Hoping something fills you with awe today.
SAY WHAT?
There’s hope if [the protesters] grow up and do their research and they know what they are actually on about. Listening to them… ‘It will be always Aboriginal land.’ No it isn’t… It’s Australia’s land.
Pauline Hanson
The One Nation leader may benefit from a spot of research herself considering our country’s Indigenous population is the oldest living culture on earth, having lived here for at least 50,000 years before the British showed up unannounced. Australia became a country 122 years ago — the land was never ceded.
CRIKEY RECAP
Elon Musk (Image: DPA Zentralbild/Patrick Pleul)
“The move is a signal that Musk continues to push the company towards his dream of transforming Twitter into ‘X, the everything app’. This is a plan to replicate China’s WeChat, an app that combines messaging with, among other features, payment services. You can do everything from chatting with your friends to paying your rent in WeChat. It’s ubiquitous and very profitable, everything that Twitter is not …
“During Musk’s 10 months of ownership, drastic staff layoffs make it unlikely the company has the technical capability to add significant new features as planned. Plus who’s going to trust it even if it does? It’s hard to imagine many reasonable people are going to look at the erratic way Musk has managed the platform — remember the inexplicable changing of Twitter’s logo to the Dogecoin logo? — and decide to let the platform manage their finances.”
“The distribution is very unequal when filtered by male and female. Some people have used super to build up enormous war chests, while others have enough for maybe a small annual stipend and will certainly be relying on the pension. The median super balance for a man is $200,000; for a woman, $150,000.
“In fact, superannuation amounts are more equal at younger ages. Here’s the equivalent chart for those aged 30-34, again broken into 20 groups of each gender, each containing 5% of taxpayers of that gender in this age group. What you see is a less steep distribution. Super is more even at this point in life (and balances are, on average, much lower — if you have $50,000 put away at this stage, you’re doing better than average).”
Stan Grant will not return to his role as host of Q+A. The ABC announced on Monday that Grant has decided not to return to Q+A as host. Radio National’s Breakfast host Patricia Karvelas will continue to host the show until at least the end of this year.

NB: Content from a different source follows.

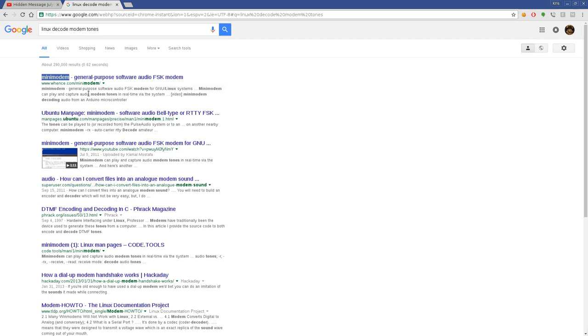Mini modem should be in your repository, so use your package manager to install it. It allows you to generate and decode modem tones. There's lots of protocols out there for different types of tones. One I've used in the past is called PSK 31. The reason I went with mini modem is just because this is a nice shell option. All the applications I know that can do other tones are all GUIs, and that's just overkill. I want to just pipe my message in to generate it and hand it a file and have it decode it.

ABC News boss Justin Stevens said Grant — who took leave after a torrent of vicious racism over his role in the ABC’s coverage of the coronation of King Charles III — will stay on with the ABC to work on ‘new projects’ and contribute to ‘a number of different’ programs. ‘We want to do all we can to support Stan and ensure he continues to play a major role in Australian media,’ Stevens said in a statement. ‘He has the ability to lead our media towards a kinder and more constructive conversation.’ “
READ ALL ABOUT IT
Two protesters burn Qur’an outside Iraqi embassy in Denmark (Al Jazeera)
Greta Thunberg fined over Swedish climate protest (BBC)
Protests rage as Israel passes contested curbs on some Supreme Court powers (Reuters)
Pedro Sánchez rules out return to polls after Spanish vote delivers hung parliament (The Guardian)
How it unfolded: the night that cost Kiri Allan her career as a minister (Stuff)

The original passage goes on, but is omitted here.